Michael Jordaan, CEO of venture capital firm Montegray Capital and former CEO of First National Bank, said in a podcast interview with TechCentral on Monday that start-up entrepreneurs are unlikely to be successful if they aren’t prepared to take calculated bets.
South Africans shy away from risk, he said.
“We still have a stigma about failure. I’m not saying you must fail stupidly — that’s wrong — but many start-ups and founders who have become very successful will tell you that if you don’t take big risks, things won’t work out. You need to be able to adapt or pivot, change your business strategy and take the learnings from failing and move on.”
He said his message, when he speaks to youngsters or people wanting to start their own businesses, is that risk correlates “extremely well” with the rewards they will get out. “You can cut down on risk all the time and lead a boring life, or you can cleverly increase your risk and your life will be better,” he said.

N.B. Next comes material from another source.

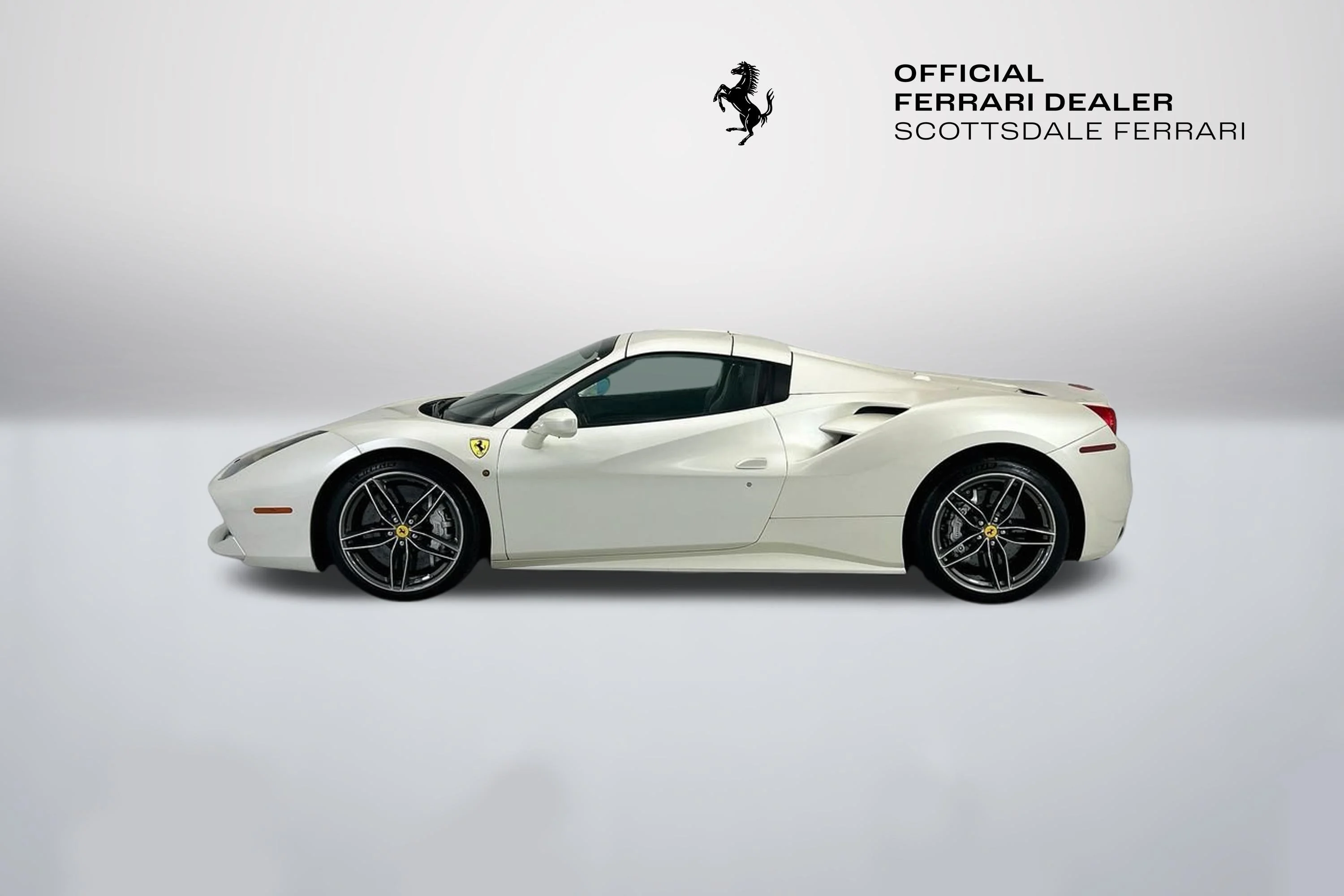 Used 2017 Bianco Fuji Ferrari  image 16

He said South Africans ought to celebrate business success, but don’t. When founders have good financial exits, “I wish we’d cover that more in the press, instead of just the bad news, because our youth are looking for role models — and they can’t just be disc jockeys or celebrities,” Jordaan said.
“A TV show like Dragon’s Den is very positive because it shows a completely new world to people,” he added.
The number of South African technology start-up companies has grown considerably in recent years, however, Jordaan said. Montegray Capital received on average 10 pitches a day.
“I’m positive you have a whole new generation of youngsters who are considering being an entrepreneur. When I was young, there was no question about it: you studied hard and found yourself a good job. The world has changed.”